Il comptait notamment 30 cas cumulés au bar Le Kirouac. L’établissement a annoncé qu’il demeurera fermé jusqu’au 10 septembre.

«On ne sait jamais si vous contractez la maladie comment vous allez réagir», a tenu à rappeler le Dr Girard en point de presse, mercredi.

Éviter le karaoké, dit Arruda

L’expert en santé publique lance un avertissement tout particulier aux amateurs de karaoké. Selon lui, il s’agit d’une activité «fortement à risque» qui doit être évitée.

«Personnellement, je n’irais pas dans un karaoké», a déclaré le Dr Girard, en expliquant que le fait de chanter et de partager un micro multiplie les chances d’attraper la COVID-19.

Selon lui, une personne qui chante ou qui crie envoie des gouttelettes dans l’air à plus de deux mètres de distance. Lors d’une activité pareille, il est aussi difficile de respecter la distanciation sociale, a-t-il ajouté.

«Tous ces facteurs-là ensemble, ça a été un véritable cocktail explosif (au bar Kirouac).»

Interrogé à savoir s’il fallait interdire le karaoké dans les bars, ou carrément fermer les bars, le directeur national de santé publique, le Dr Horacio Arruda, a déclaré qu’il ne fallait pas «pénaliser tout le monde».

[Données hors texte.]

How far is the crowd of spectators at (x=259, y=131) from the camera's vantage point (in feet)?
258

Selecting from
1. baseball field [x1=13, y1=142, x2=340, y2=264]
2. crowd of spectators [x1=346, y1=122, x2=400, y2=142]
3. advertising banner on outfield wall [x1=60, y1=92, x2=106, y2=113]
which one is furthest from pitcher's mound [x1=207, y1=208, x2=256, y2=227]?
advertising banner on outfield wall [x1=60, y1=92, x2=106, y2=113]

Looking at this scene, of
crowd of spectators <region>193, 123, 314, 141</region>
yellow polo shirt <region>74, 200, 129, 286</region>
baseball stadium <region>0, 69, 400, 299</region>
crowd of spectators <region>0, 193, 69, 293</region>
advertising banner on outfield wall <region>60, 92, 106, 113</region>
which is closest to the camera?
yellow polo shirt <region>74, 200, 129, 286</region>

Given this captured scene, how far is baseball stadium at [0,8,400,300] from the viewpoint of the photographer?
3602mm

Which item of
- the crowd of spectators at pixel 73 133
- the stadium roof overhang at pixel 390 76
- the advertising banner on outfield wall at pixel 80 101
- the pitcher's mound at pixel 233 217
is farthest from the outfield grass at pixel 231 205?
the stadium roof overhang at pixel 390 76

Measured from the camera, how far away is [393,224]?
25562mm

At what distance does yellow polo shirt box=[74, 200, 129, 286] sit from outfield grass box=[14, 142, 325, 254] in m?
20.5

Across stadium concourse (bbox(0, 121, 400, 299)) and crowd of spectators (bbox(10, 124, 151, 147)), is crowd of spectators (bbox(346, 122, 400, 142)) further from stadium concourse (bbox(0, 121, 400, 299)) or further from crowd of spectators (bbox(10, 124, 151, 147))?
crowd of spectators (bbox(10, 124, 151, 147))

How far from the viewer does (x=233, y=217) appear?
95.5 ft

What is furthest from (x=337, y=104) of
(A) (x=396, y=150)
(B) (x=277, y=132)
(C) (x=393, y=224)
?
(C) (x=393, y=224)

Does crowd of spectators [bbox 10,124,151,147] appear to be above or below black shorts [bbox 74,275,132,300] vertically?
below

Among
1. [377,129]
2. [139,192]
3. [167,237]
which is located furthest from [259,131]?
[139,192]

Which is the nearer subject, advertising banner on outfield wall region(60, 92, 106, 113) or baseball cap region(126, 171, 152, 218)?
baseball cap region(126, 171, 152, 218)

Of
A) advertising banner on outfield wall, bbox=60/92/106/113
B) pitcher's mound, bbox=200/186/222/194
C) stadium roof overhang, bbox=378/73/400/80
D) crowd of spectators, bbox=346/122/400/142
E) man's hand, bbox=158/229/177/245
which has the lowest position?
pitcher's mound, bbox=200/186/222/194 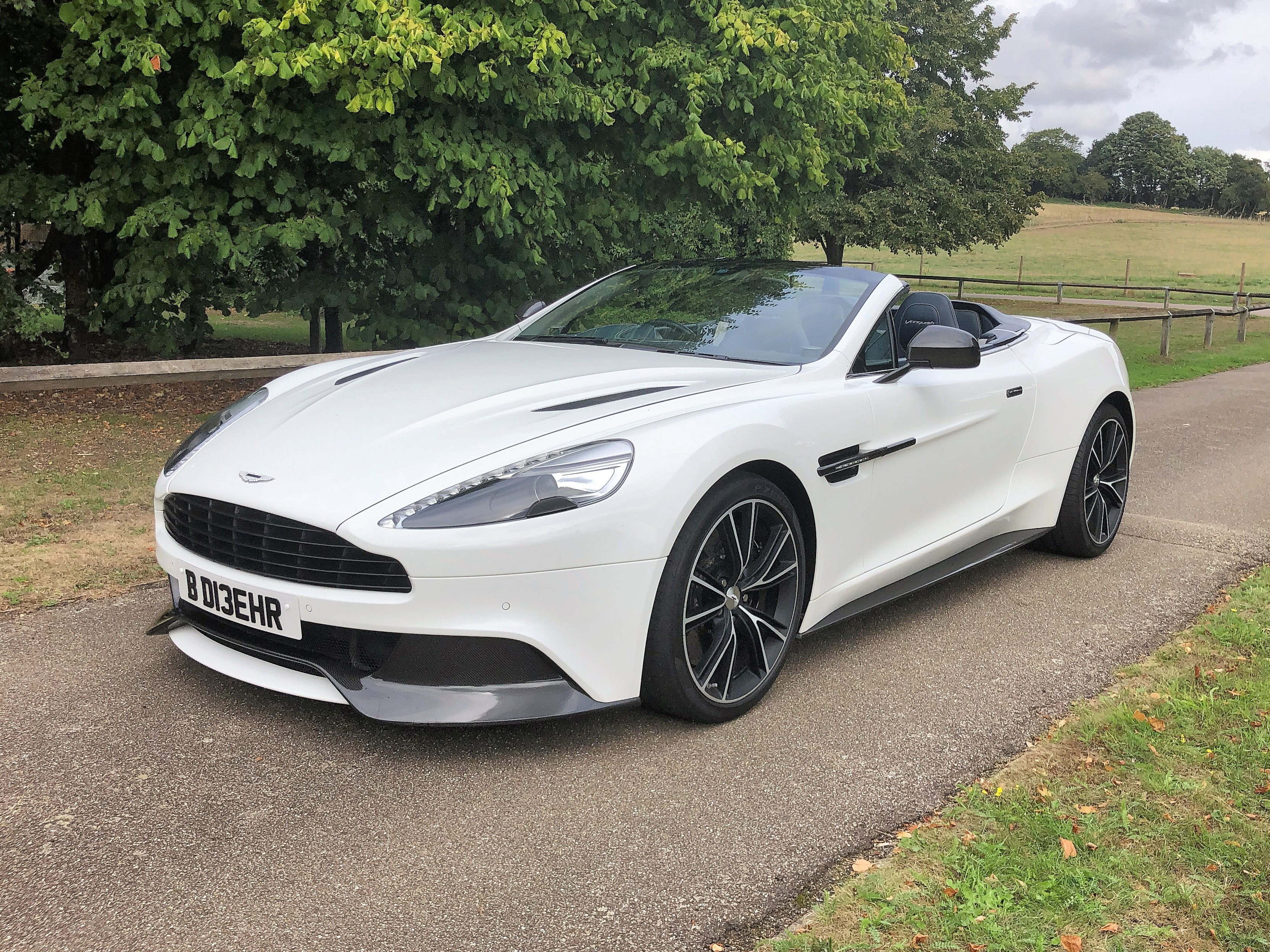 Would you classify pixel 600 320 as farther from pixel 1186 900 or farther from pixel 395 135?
pixel 395 135

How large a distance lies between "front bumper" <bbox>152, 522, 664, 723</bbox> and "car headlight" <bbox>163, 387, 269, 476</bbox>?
72 centimetres

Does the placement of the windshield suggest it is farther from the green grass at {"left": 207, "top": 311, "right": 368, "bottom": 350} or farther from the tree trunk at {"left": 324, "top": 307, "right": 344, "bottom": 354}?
the green grass at {"left": 207, "top": 311, "right": 368, "bottom": 350}

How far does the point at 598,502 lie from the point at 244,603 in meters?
1.05

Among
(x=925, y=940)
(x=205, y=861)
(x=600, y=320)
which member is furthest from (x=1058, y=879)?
(x=600, y=320)

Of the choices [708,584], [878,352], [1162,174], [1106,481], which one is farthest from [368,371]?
[1162,174]

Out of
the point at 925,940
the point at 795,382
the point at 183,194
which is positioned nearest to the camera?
the point at 925,940

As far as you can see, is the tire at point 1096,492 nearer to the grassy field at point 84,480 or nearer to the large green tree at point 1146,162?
the grassy field at point 84,480

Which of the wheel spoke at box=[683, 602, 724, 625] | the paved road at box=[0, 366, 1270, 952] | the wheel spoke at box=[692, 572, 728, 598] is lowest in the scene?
the paved road at box=[0, 366, 1270, 952]

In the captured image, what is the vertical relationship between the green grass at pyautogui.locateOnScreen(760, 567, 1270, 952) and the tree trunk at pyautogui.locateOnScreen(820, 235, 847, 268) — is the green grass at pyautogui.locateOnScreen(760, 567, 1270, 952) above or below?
below

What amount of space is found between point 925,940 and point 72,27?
8.71 meters

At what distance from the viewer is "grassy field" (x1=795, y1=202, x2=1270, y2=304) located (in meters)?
52.4

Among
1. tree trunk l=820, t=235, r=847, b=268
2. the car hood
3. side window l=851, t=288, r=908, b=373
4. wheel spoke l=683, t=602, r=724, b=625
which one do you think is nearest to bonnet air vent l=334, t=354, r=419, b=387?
the car hood

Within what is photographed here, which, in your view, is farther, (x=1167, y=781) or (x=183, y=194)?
(x=183, y=194)

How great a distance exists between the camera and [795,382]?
3.74 m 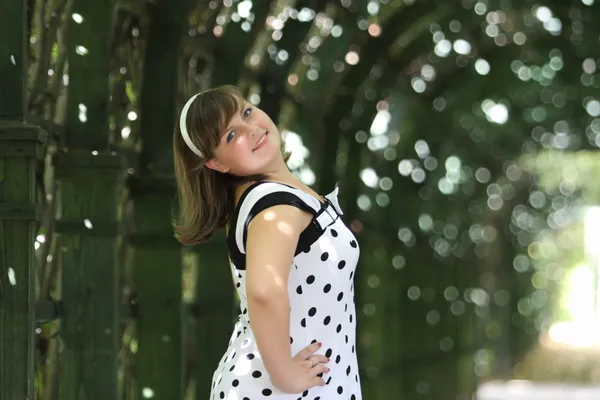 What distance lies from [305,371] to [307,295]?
186 mm

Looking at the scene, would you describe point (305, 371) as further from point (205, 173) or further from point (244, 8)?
point (244, 8)

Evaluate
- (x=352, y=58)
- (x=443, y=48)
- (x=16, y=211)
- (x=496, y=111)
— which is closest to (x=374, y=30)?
(x=352, y=58)

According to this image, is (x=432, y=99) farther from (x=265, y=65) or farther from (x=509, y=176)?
(x=509, y=176)

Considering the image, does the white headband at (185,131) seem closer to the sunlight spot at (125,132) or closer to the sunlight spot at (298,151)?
the sunlight spot at (125,132)

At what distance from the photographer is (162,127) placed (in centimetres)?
548

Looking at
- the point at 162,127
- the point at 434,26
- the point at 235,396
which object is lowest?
the point at 235,396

Mais, en point de presse au Saguenay—Lac-Saint-Jean, il a invité les Québécois à ne pas participer à des activités de karaoké, ou à le faire de manière virtuelle, sur les plateformes Zoom et Skype, par exemple.

«Voyez-vous, ce genre d’événement-là communautaire vient introduire le virus dans nos écoles, s’est-il désolé en parlant du Kirouac. C’est pour ça que c’est très important de faire attention.»